The meeting finished with a question from me, about how to obtain a Left led Europe when the bulk of Eastern Europe have none or very weak democratic left parties. Rafael Behr reinforced my point by talking about his experience in the Baltic states and contrasting the anti-Soviet, anti-Russian politics of these Eastern European states and peoples with the fashionable communist chic displayed by some, albeit a tiny minority of delegates and attendees. I spoke to Rafael and told him that I had finally got the sense that most of Eastern Europe considered the “Socialist” experiment to be an occupation when visiting Memento Park in Budapest, Hungary. I bought the guide book which describes the national debate and the symbolism of the path that never ends and the red wall at the end of the road, together with the statue and history of of Stalin’s boots. I did let myself down as apart from the guide book which is a must, my souvenirs consist of fridge magnets with the badges of the Communist Parties of Hungary and the Soviet Union. Today, the competition for political leadership in Eastern Europe seems to be between Liberal Capitalists or Ultra-Right Nationalists with a couple of ex-Communist parties hanging in as an opposition and in one or two cases as the Government. The democratic left needs to do better.

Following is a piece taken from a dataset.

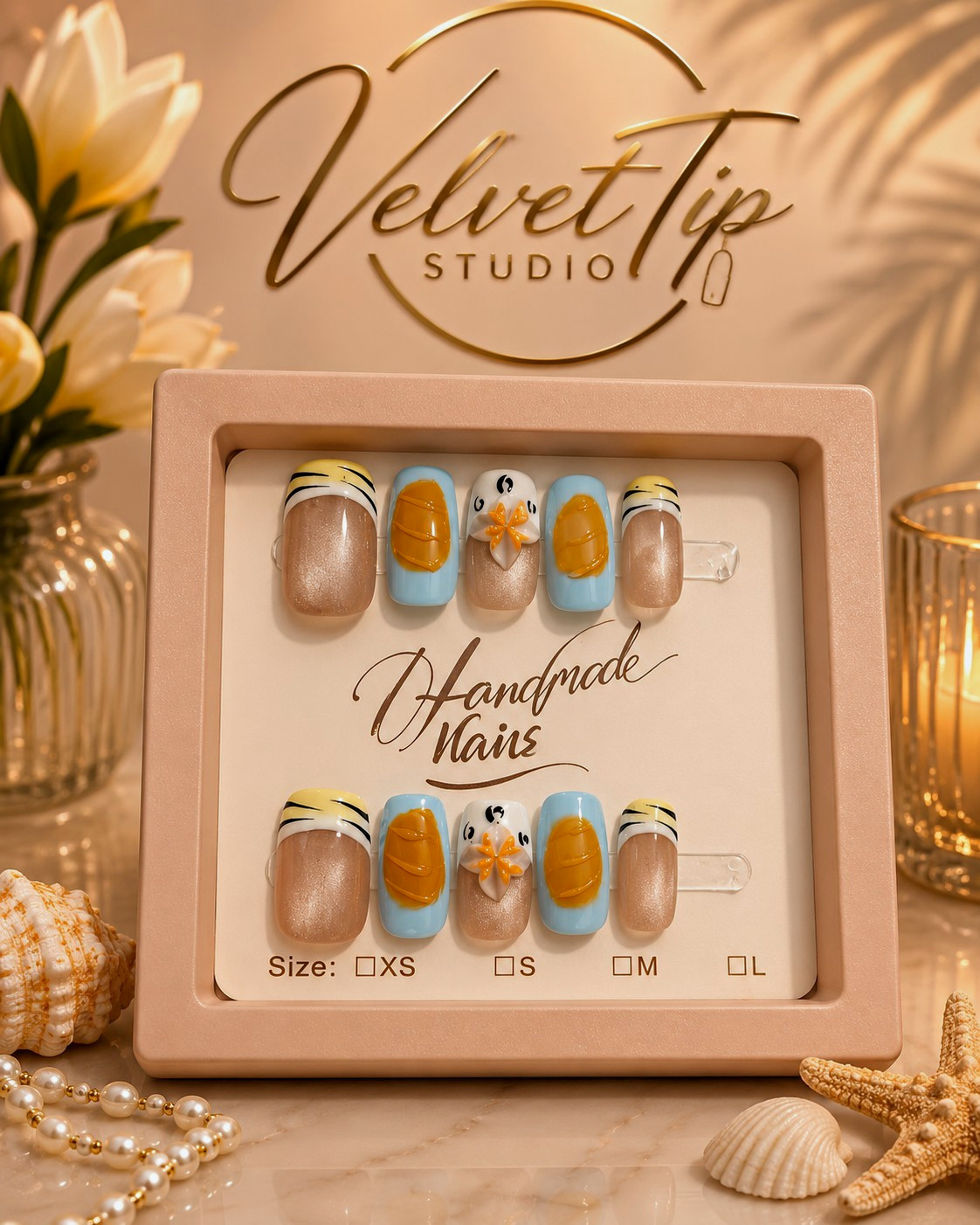 VelvetTip Studio Blue/Nude/Orange/White 3D Floral Square Press-On Nails Size M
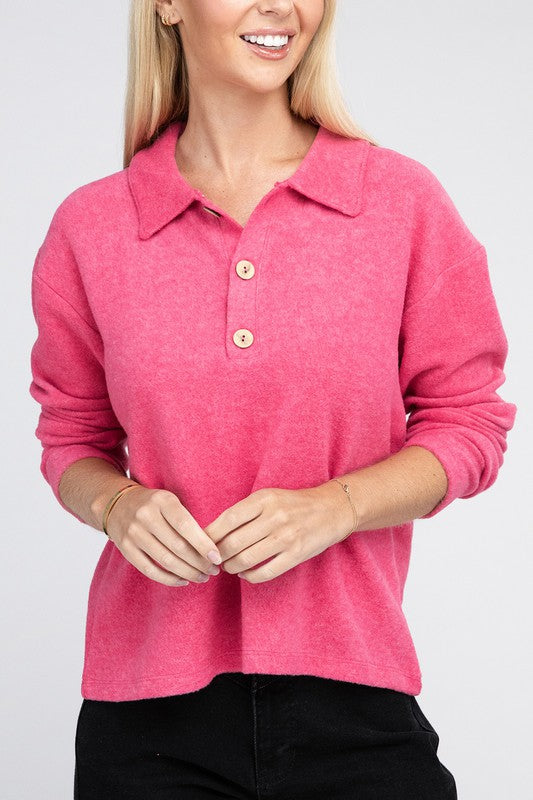 Zenana Brushed Melange Hacci Collared Sweater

I spent my last morning in meetings, hence missing ED Miliband’s Q&A session and the remaining debates.

Over the three days I spent in Manchester, I also reconnected with new and old friends in the Labour Party and Trade Union movement, who inspired me to continue my campaigning. Thanks for that. I’d also like to thank those people of Manchester who helped make my stay as enjoyable as it was.

The downside? Travelodge, you really need to offer safes, your wifi prices are outrageous and not having a bag repository spoilt my last day. Priority Pass, you need to diversify to train station lounges; I have down graded my membership this year as I am not flying so much but use of the Eurostar, Virgin and other Lounges (at train stations) would be good.